Poco a poco se fue acercando y al final estaba en medio de ellos como una estaca. El señor López, que era un cobarde, se comía las uñas y tiritaba entero. Antes de marcharse, le daba a la señorita Soto una mirada febril que le incendiaba hasta las horquillas del moño. Y ella, la pobrecita, ¿cómo explicarlo? Si  los suspiros fueran música, la señorita Soto habría sido Adelina Patti.

 

            Es una pena tener que contar estas intimidades, pero la señorita Soto no era tan angelical como la muestra Armida. Yo diría, más bien, que la procesión la llevaba por dentro. Zzummm, zzummm.  Tan sensible como soy, lo supe en el primer instante que nos conocimos, ese día de la presentación anual en el salón de la parroquia. Armidita, tan llena de mañas como de costumbre, si no más,  insistió en llevarme consigo:  que me trae buena suerte, que es tan linda (para qué lo vamos a discutir),  que todas van a ir elegantes, que si no me lo prestas, mamá, yo no me atrevo a  presentarme.

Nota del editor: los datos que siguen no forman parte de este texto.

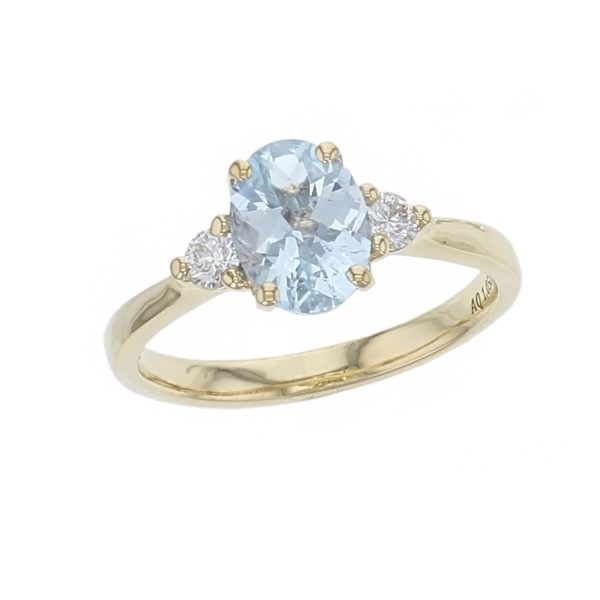 Aquamarine & Diamond 18ct Yellow Gold Trilogy Ring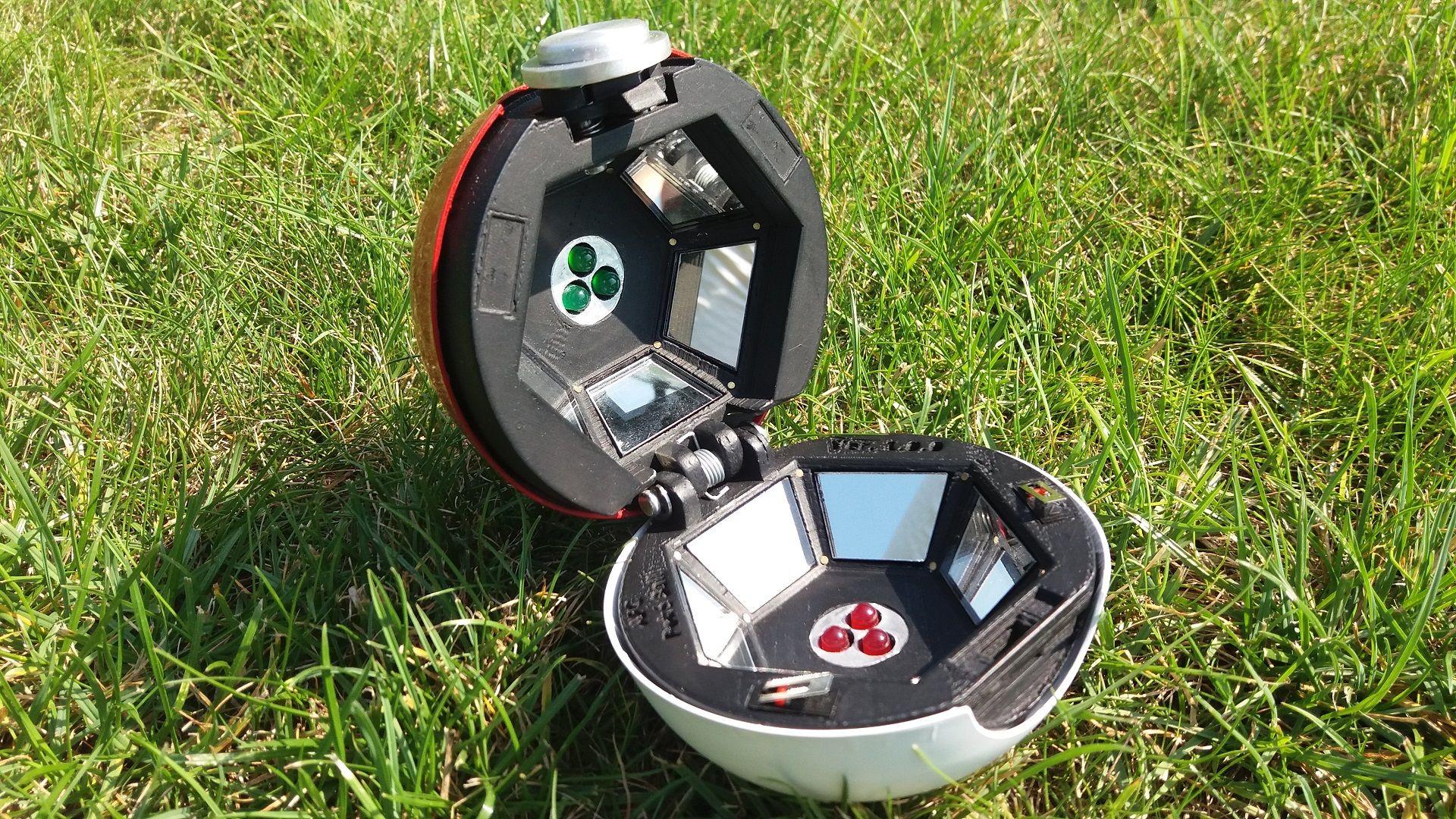1920x1080 Realistic Poké Ball is made of some 3D prints and two ladles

Ante esas amenazas,  ¿qué podía decir doña Hermelinda? Partí a la presentación sobre la blusa de muselina de Armida y debo reconocer que me veía más bella que en otras ocasiones, lo que no es poco decir. Verme la señorita Soto y caer en trance por mí, fue todo uno.

            Con la función ocurrió lo que era de esperar, todo salió mal, excepto Armida. El chiquitín de los Rodríguez  se puso a llorar en medio del proscenio, a la vecinita de enfrente se le cortó el elástico de la enagua justo cuando agradecía al público y el florero con rosas se volcó sobre las partituras, cosa que quedó  de manifiesto cuando  nadie entendía qué era lo que estaba tocando la pequeña Emita  Rosales.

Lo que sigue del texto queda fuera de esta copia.